Dalam 2minggu kedepan saya akan berada di solo untuk melaksanakan training instrument (instrument flight). Berbeda dengan flight sebelumnya,instrument flight ini dilakukan dengan bantuan chart. Dan yang terpenting dari instrument flight adalah 80% flight harus melihat instrument, 20% sisanya baru bisa melihat luar.

Instrument flight biasanya meliputi basic flight,airwork,SID (standart instrument departed), STAR (standart instrument arrival),holding pattern,dan approach. Smua itu dilakukan tanpa melihat luar alias kita diharuskan memakai hood. Hood adalah sejenis topi yang dipakai untuk mencegah siswa untuk melihat luar (visual).
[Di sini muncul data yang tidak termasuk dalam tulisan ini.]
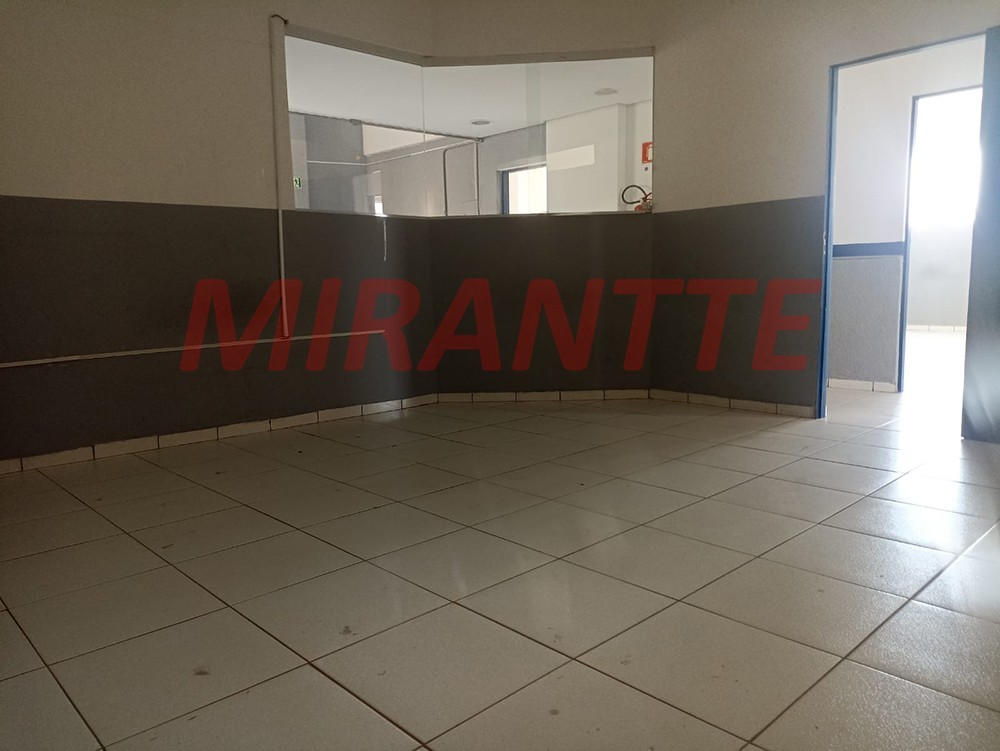 Comercial de 800m² em Limão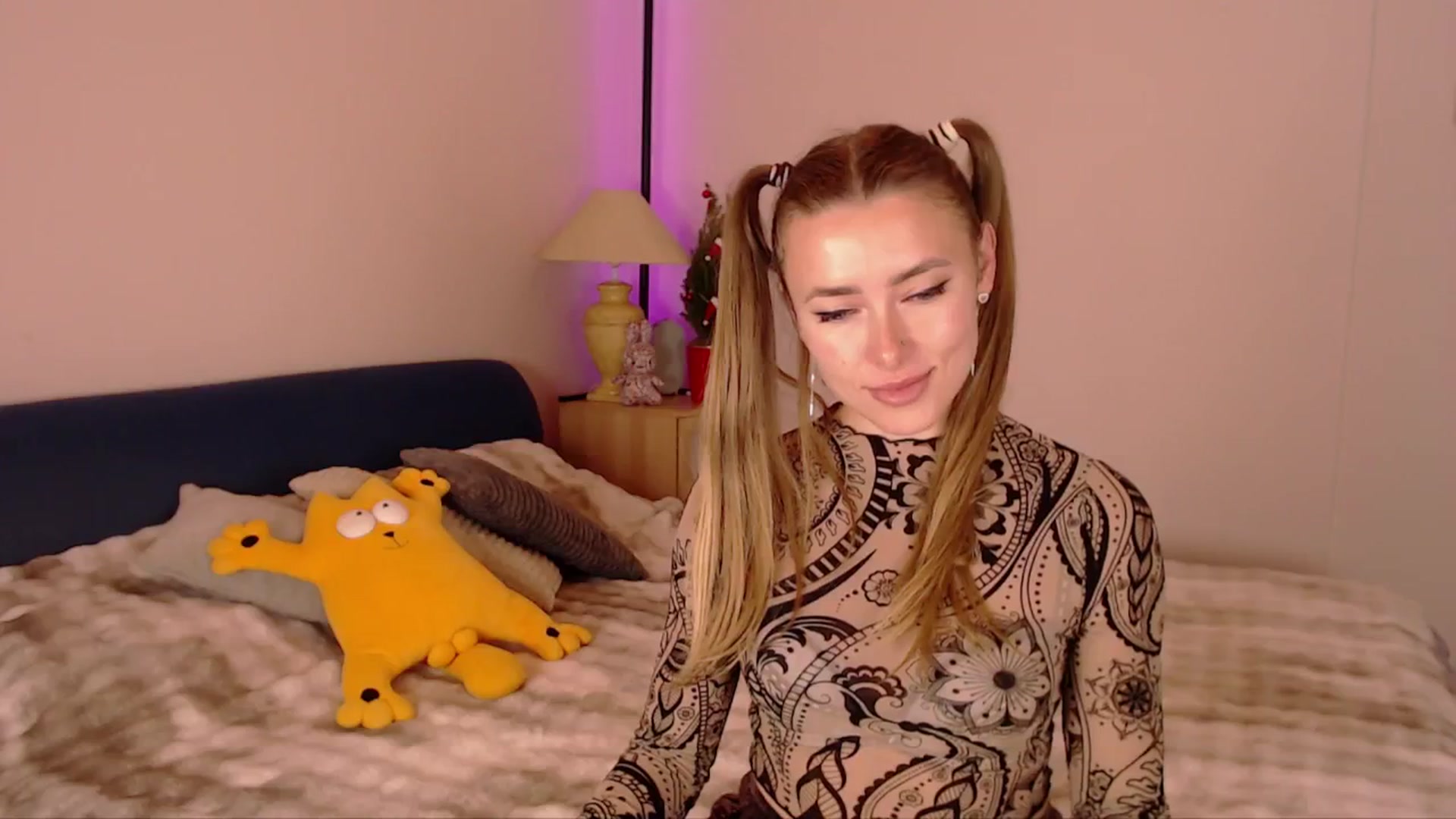 Gallery image thumbnail from SimonsWife's myfreecams stream on, 12/08/2025, 16:52 image 19 of 20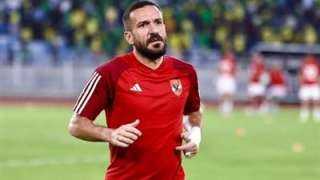 خارج الحسابات.. لماذا لم يعد علي معلول لاعبًا أساسيًا في الأهلي؟
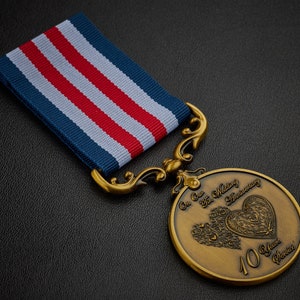 Notre 10e (étain) médaille d'anniversaire de mariage - services distingués et bravoure sur le terrain. Cadeau/cadeau mari/femme 10 ans. Or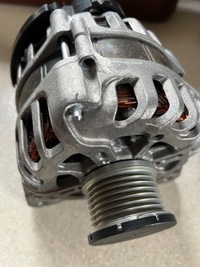 фото thumb №1, Генератор renault оригинальный номер megane iv 1.3 tce 231005300r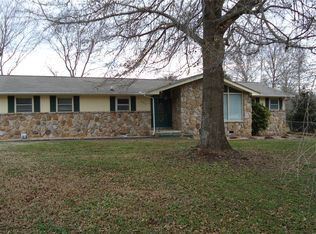 385 Lee Rd, Clinton, TN 37716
Latihan instrument flight dimaksudkan untuk berlatih jika kita mengalami situasi IMC (instrument meteorological condition) atau pada saat kita terjebak dalam cuaca yang visibility atau jarak pandang yang jelek. Perlu diingat juga bahwa instrument flight atau IMC harus diputuskan sebelum flight. Bukan berarti anda bisa mengganti sesuka hati during flight.

Beberapa instrument yang paling utama (main) adalah AH (artificial horizon),instrument ini sangat membantu untuk straight and level,wings level dsb. Disamping itu juga ada Altimeter untuk mengetahui altitude kita dan tentu saja Airspeed. Untuk CPL requirment,intrument flight di Indonesia diharuskan 20jam dual (bersama instruktur).